[Opening ENTRIES SUPPLIED section]

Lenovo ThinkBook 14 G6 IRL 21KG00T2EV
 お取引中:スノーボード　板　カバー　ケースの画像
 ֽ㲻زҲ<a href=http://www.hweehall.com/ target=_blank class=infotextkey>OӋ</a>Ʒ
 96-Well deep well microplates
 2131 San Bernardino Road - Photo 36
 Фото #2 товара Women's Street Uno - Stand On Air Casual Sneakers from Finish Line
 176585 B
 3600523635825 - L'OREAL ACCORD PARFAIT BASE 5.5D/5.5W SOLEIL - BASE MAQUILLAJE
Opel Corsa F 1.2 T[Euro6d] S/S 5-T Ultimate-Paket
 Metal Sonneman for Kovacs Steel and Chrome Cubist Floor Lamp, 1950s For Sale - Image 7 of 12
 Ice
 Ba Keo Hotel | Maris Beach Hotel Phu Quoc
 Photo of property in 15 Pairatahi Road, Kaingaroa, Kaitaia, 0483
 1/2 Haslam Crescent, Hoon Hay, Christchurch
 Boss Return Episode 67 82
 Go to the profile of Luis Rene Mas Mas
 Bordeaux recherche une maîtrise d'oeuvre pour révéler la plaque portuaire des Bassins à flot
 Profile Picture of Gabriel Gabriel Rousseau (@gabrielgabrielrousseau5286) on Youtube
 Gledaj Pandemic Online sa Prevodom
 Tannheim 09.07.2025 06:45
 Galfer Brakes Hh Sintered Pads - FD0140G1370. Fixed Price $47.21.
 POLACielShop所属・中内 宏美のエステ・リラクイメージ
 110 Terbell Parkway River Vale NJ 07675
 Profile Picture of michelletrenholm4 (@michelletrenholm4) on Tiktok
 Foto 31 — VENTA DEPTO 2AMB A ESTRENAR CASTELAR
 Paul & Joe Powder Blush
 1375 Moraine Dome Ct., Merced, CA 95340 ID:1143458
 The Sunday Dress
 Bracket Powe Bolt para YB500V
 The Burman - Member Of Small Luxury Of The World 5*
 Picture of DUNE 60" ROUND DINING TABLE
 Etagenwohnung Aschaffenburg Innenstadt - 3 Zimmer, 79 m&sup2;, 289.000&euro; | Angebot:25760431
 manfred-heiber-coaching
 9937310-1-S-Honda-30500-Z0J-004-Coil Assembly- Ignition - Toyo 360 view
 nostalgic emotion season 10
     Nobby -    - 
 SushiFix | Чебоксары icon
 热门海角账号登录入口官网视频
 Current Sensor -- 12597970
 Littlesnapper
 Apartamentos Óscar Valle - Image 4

[Closing ENTRIES SUPPLIED section]

### TASK ITEM
Repeat exactly the lines that run from the opening of the listing through the line holding "Ba Keo Hotel | Maris Beach Hotel Phu Quoc". Leave out everything else.

### SOLUTION FOR THIS PROBLEM
Lenovo ThinkBook 14 G6 IRL 21KG00T2EV
 お取引中:スノーボード　板　カバー　ケースの画像
 ֽ㲻زҲ<a href=http://www.hweehall.com/ target=_blank class=infotextkey>OӋ</a>Ʒ
 96-Well deep well microplates
 2131 San Bernardino Road - Photo 36
 Фото #2 товара Women's Street Uno - Stand On Air Casual Sneakers from Finish Line
 176585 B
 3600523635825 - L'OREAL ACCORD PARFAIT BASE 5.5D/5.5W SOLEIL - BASE MAQUILLAJE
Opel Corsa F 1.2 T[Euro6d] S/S 5-T Ultimate-Paket
 Metal Sonneman for Kovacs Steel and Chrome Cubist Floor Lamp, 1950s For Sale - Image 7 of 12
 Ice
 Ba Keo Hotel | Maris Beach Hotel Phu Quoc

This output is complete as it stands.